I chose a straightforward conditional proposal distribution $q(G’ | G)$ by creating a list $\mathcal{N}(G)$ of neighbouring graphs of $G$ and taking a uniformly random $G’$ from this list. The neighbor list, $\mathcal{N}(G)$, is defined by iterating through all unordered pairs of vertices $e = { v, w }$ and checking if they are an edge of $G$ or not. If ${ v, w }$ is not an edge of $G$, we just add $G + e$ to the list $\mathcal{N}(G)$. If $e$ is an edge of $G$ however, we first check if $G - e$ is connected. If $G - e$ is connected, we add it to $\mathcal{N}(G)$. If $G - e$ is not connected, we just ignore it. Here we used the shorthand $G + e$ to denote the graph $G$ with edge $e$ added to it and $G - e$ with edge $e$ removed from it. In a last step, we filter $\mathcal{N}(G)$ such that it contains only non-isomorphic graphs.

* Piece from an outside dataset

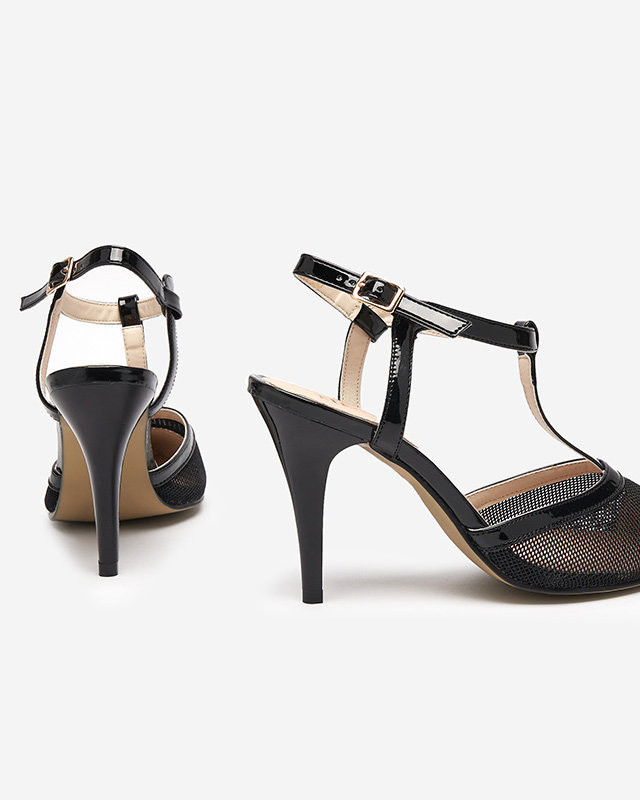 Čierne dámske sandále na vysokom podpätku s obtiahnutými prstami Niddl- Obuv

With these choices, the Metropolis-Hastings Algorithm looks as follows:
- Initialize the list of samples $S \leftarrow \emptyset$
- Initialize $G$.
- Uniformly draw a graph $G’$ from $\mathcal{N}(G)$
- Compute the acceptance ratio $\alpha \leftarrow \min( \frac{|\mathcal{N}(G)|}{|\mathcal{N}(G’)|}, 1)$
- Uniformly draw a rational number $u$ from the interval $[0, 1]$
- If $u \leq \alpha$ set $G \leftarrow G'$
- Add $G$ to the list $S$
- After enough iterations return $S$ - otherwise go to step 3.
Next Steps
So far we have seen an idea for an instantiation of the Metropolis-Hastings Method to sample uniformly from the connected graphs on a given number of vertices. From here, I see two ways to test the idea. The first one would be to somewhat become an expert on MCMC and produce formal proofs that the method is working well, i.e. that my proposal distribution is indeed usable for Metropolis-Hastings and then give asymptotic convergence rates. The second way to test the idea would be to just code up the idea and see if it gives promising experimental results on small graphs. In the spirit of testing ideas quickly, I want to explore my experimental results in a follow-up post.